The two runners behind District Vision—Max Vallot and Tom Daly—advocate for a more holistic approach to athleticism. Vallot and Daly launched the brand in New York in 2015 with a line of Keiichi running sunglasses, which Runner’s World called “the first truly cool pair of running eyewear,” and will be worn by marathon runners at the 2020 Tokyo Olympics. District Vision’s latest release is a ‘Radical Retreat’ line, a collaboration with Canada’s Reigning Champ, inspired by the countercultural spirit that fueled the Human Potential Movement in the ʼ60s. The kit was launched in August with a short series of meditation workshops, organized with two conscious athleticism legends who have become close collaborators of District Vision: author and educator Mike Spino, who wrote the rare 1976 running manual Beyond Jogging that was reprinted via District Vision last year, as well as Human Potential Movement O.G. Michael Murphy—co-founder of Esalen and a former student of Spino’s. (While Esalen is usually associated with slow-paced exercises like yoga and nude swimming, in the ʼ60s, Murphy’s sports division offerings were notoriously comprehensive. Apparently he canceled a series of ‘psychic karate’ workshops only because the sound of people screaming was ruining others’ meals.)

“Esalen was always about learning, not blindly following any one teacher or lineage,” Vallot says, drawing a distinction between group mindfulness workshops and Instagram-era ‘cults’ of wellness. “We feel like this is the healthiest and equally most modern approach.” He’s the first to admit that District Vision is young and its founders are still learning too, welcome humility in a time when spin class instructors are influencers and hypebeast pastors are themselves worshipped like gods. Spino, at 75, still speaks of the incomparable experience of being present with a ‘master’ of meditation—Murphy has been doing it continually for 70 years—but isn’t totally opposed to light experimentation with technological shortcuts to clarity. “The question is if singularly ‘surrendering’ to this acquired, even measured, consciousness will diminish or advance true awareness and if it is detrimental to the wholesome master/student achievements that have gone on for millenniums,” he says. “My advice, especially for beginners, would be to try both forms of reflective practice and continually be seeking your true teacher, then take advantage of their actual presence.”
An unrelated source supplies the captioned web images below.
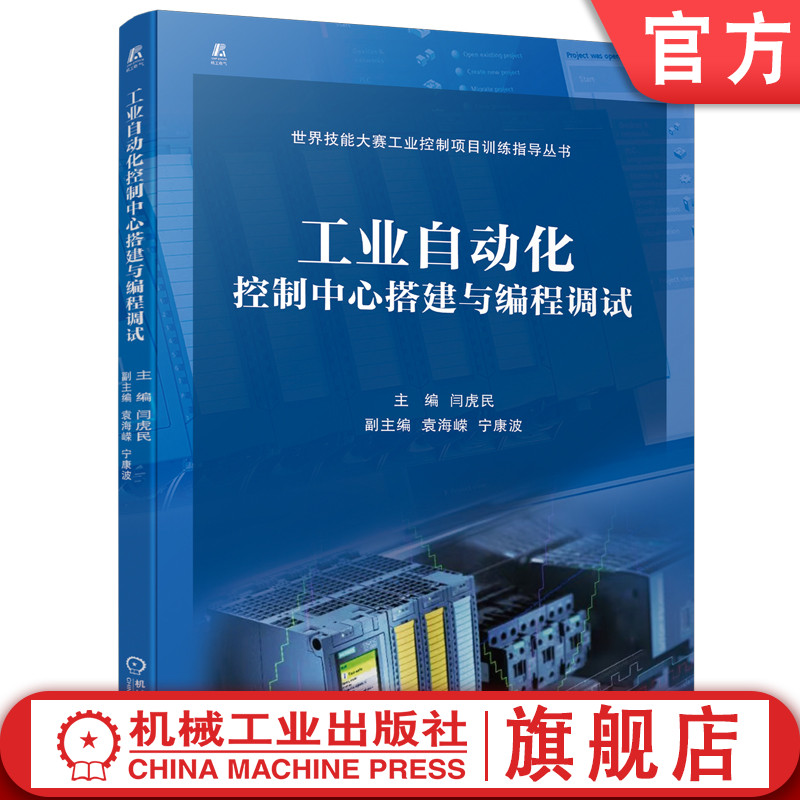 官网正版 工业自动化控制中心搭建与编程调试 闫虎民 袁海嵘 宁康波 世界技能大赛训练指导丛书 9787111724568 机械工业出版社 书籍/杂志/报纸 自动化技术 原图主图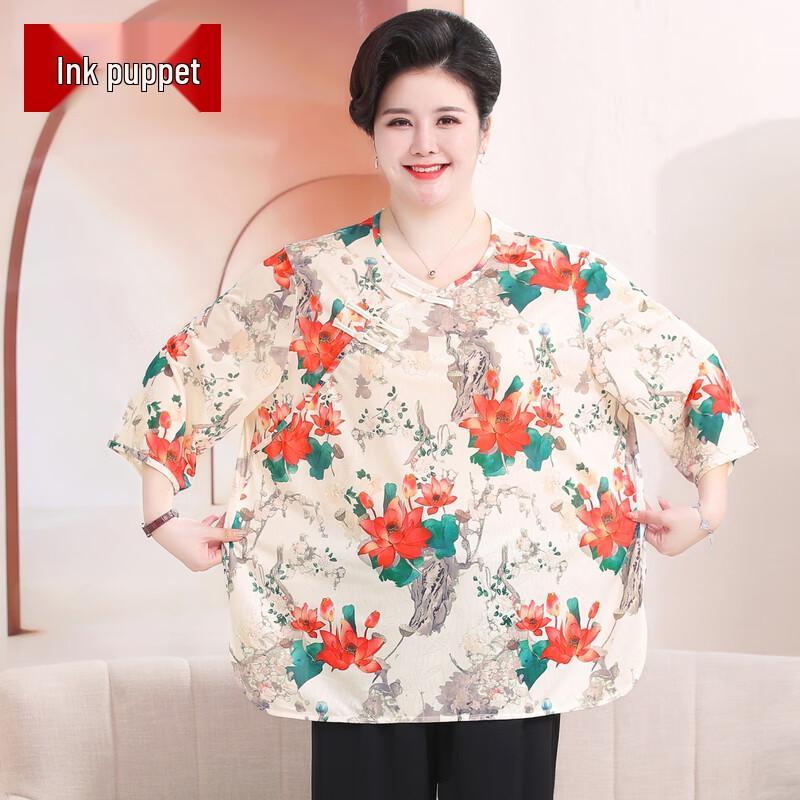Women s Summer Plus Size Printed T-Shirt 2XL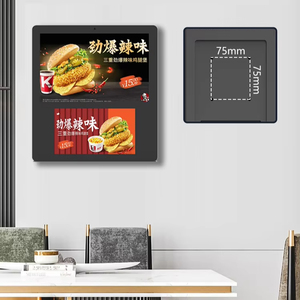 8 13,3 дюймов двойной сенсорный экран Android 11 рекламная машина LCD Digital Signage дисплей коммерческий плакат плеер для ресторана - Product Image 1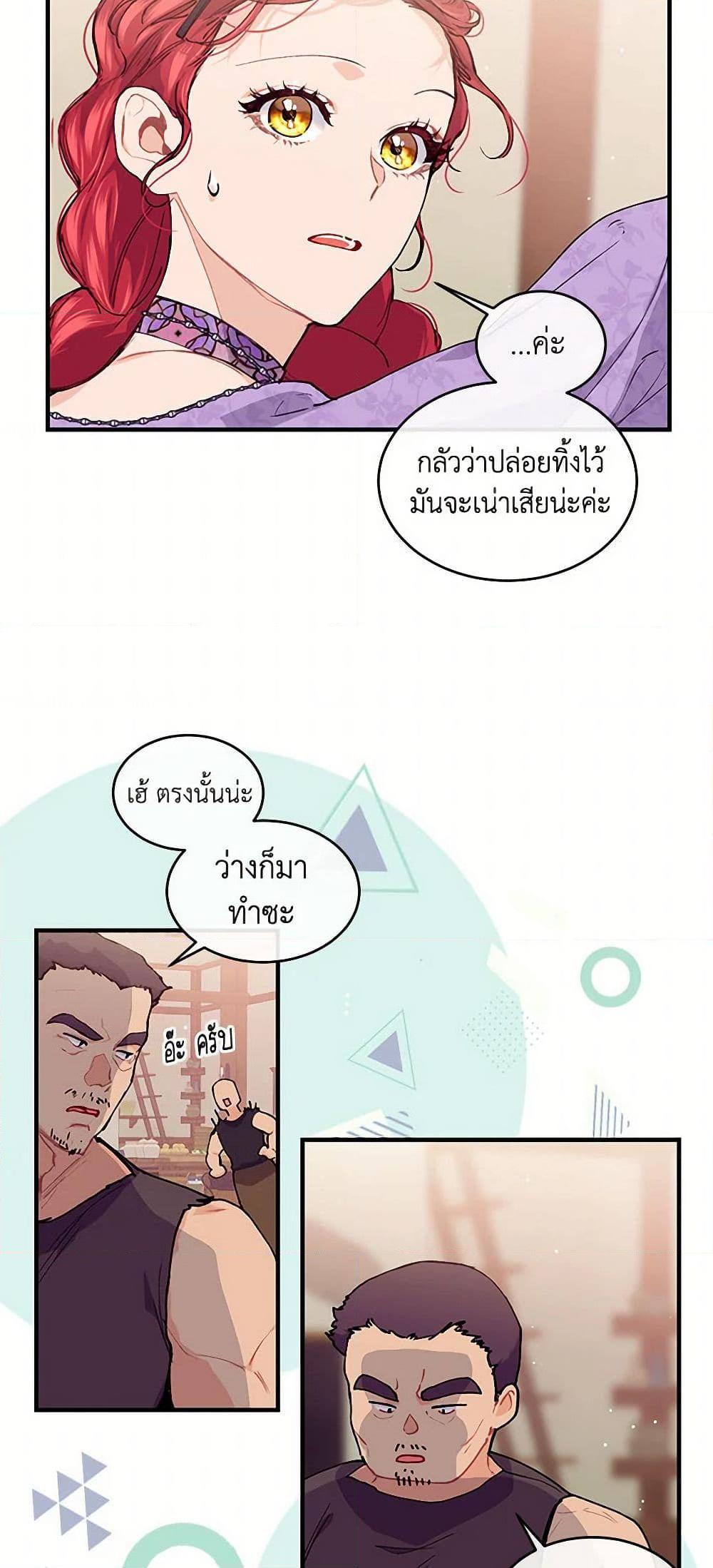 Manga-lc-com อ่านมังงะ อ่านการ์ตูน ออนไลน์ ฟรี The Elegant Sea of Savagery ตอนที่ 1 2 3 4 5 6 7 8 9 10 11 12 13 14 ฟรี ไม่มีโฆษณา Manga-lc - อ่าน มังงะ อ่าน การ์ตูน ออนไลน์ อ่านมังงะ ฟรี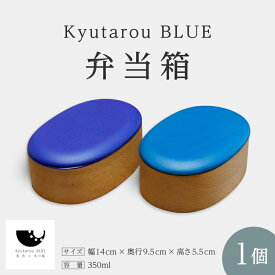【ふるさと納税】KyutarouBLUE 弁当箱 [C-04403] / 河和田 伝統工芸品 漆器 和食器 木製 日本製 おしゃれ ランチボックス 運動会 ギフト 贈り物 お祝 記念品 漆器久太郎 福井県鯖江市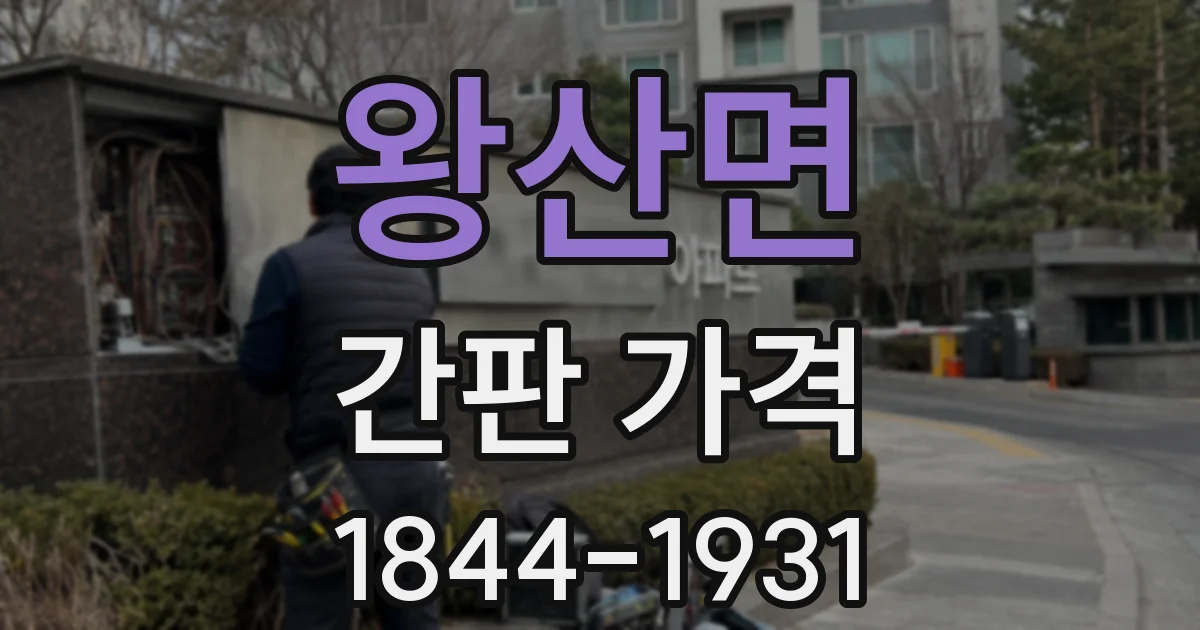 왕산면 간판 가격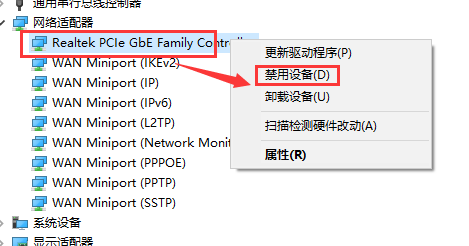 win101903版本自動斷網解決方法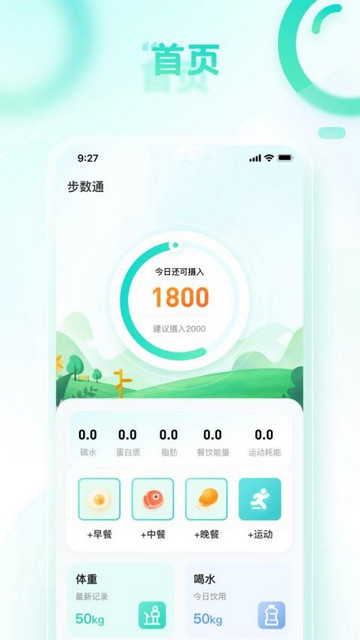 健步走一走安卓手机版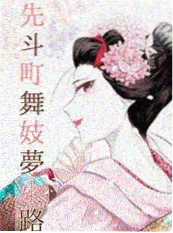 星屑收集者 风车动漫在线看高清
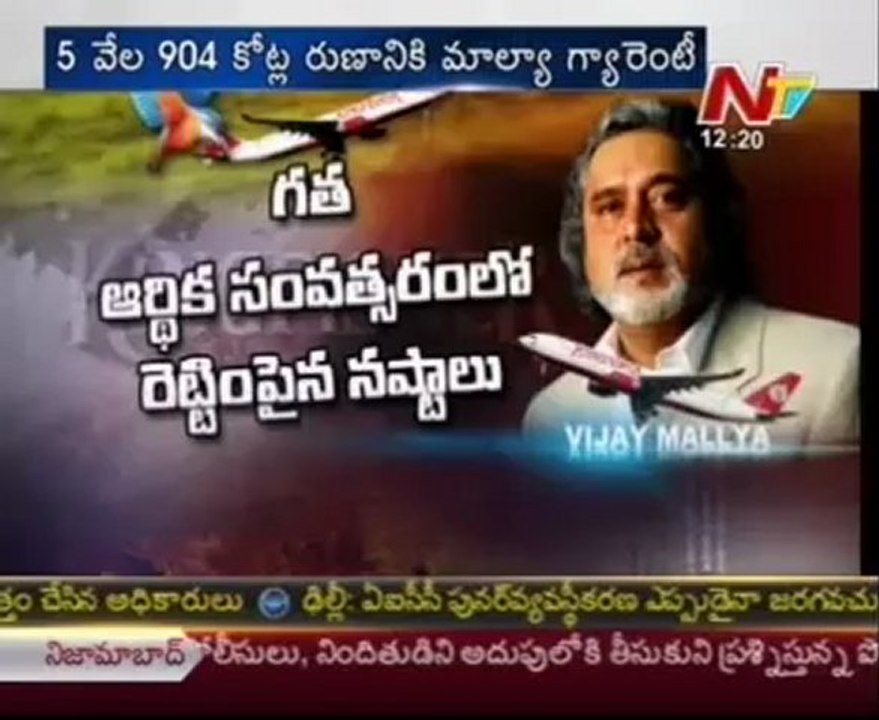 We are trying to save Kingfisher Airlines-Vijay Mallya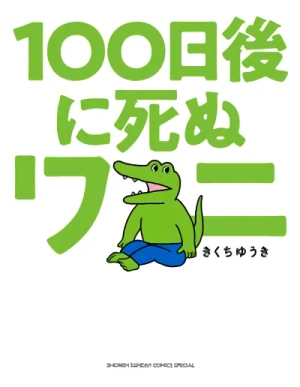 Manga: 100-nichigo ni Shinu Wani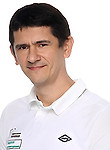 Врач Фомичев Дмитрий Викторович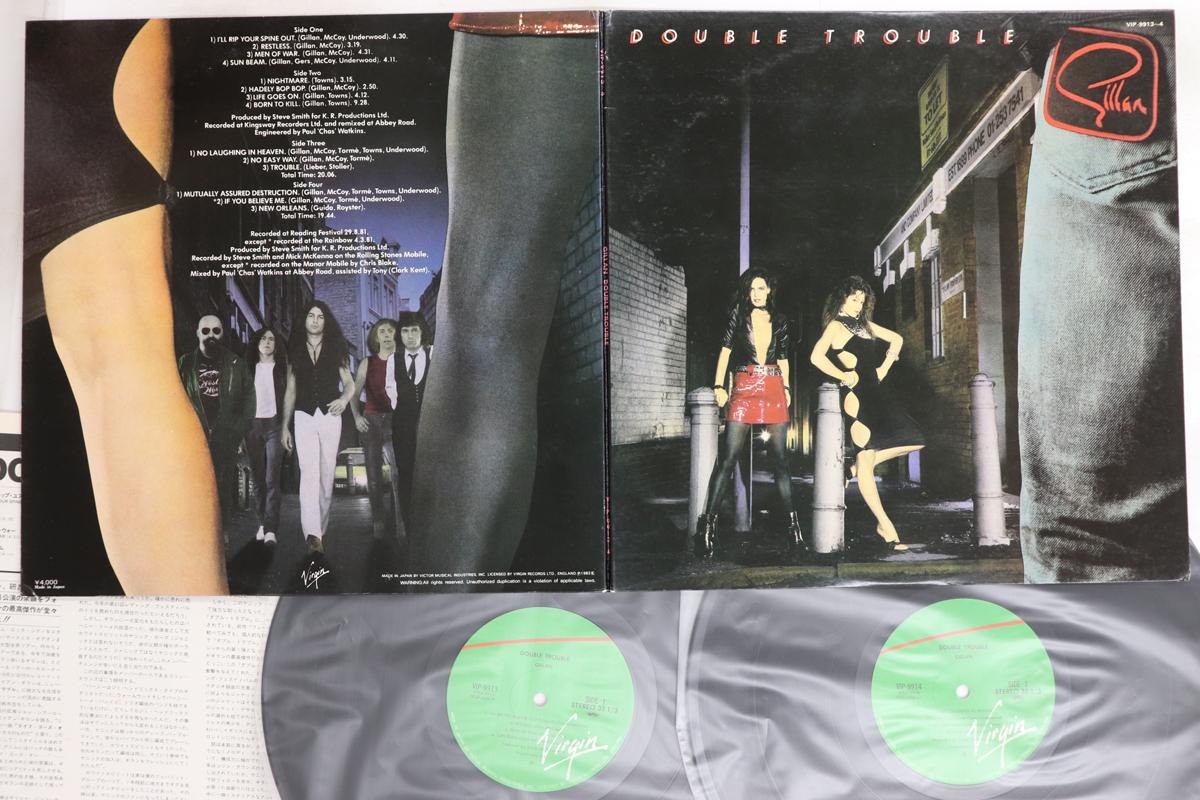

LP Record GILLAN - Double Trouble VIP99134 VIRGIN 1981 Japan Rock Used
The big question for many runners, both casual and elite, is whether running itself can be a form of meditation. Vallot and Daly, through District Vision’s Mindful Athlete Program, have spent the last three years trying to find out. “I would argue that running can be a form of meditation if you use the sport as a time to cultivate awareness, but it’s not a meditation in and of itself,” Vallot says of the distinction between mindfulness and catharsis. Murphy’s 1995 book In the Zone: Transcendent Experience in Sports is a collection of case studies evidencing that a psychodynamic approach to athletics—one of extreme discipline and physical suffering—can induce mystical states of consciousness. Spino believes we might have a definitive verdict very soon—specifically, on October 12, when Eliud Kipchoge of Kenya attempts to run a sub-two hour marathon, an event one UK media channel will broadcast on a level comparable to the moon landing.

“The physical demand to run 3 times a day to build up the stamina to make it possible is a feat within itself, however, the mental dynamics that makes the result possible is truly yogic, Spino says. He describes how coach Patrick Sang trains Kipchoge in a Kenyan camp that is “more monastery than training facility.” Spino once visited the camp when the electricity went out and the runners agreed it was better that way. “Kipchoge has said running a fast marathon is 90% mental focus,” he says. “It is observable! When one watches him within the race, there is the appearance of composure without strain and of liberation rather than forced effort. Watching him flying through the streets creates an impression of beautiful expression that is enlightening to the potential of the human spirit. This harmony being observed provides us a joy of our own, the astonishment of mind/body perfection, and lifts one’s own sense of human achievement. This is a definition of inspiration.”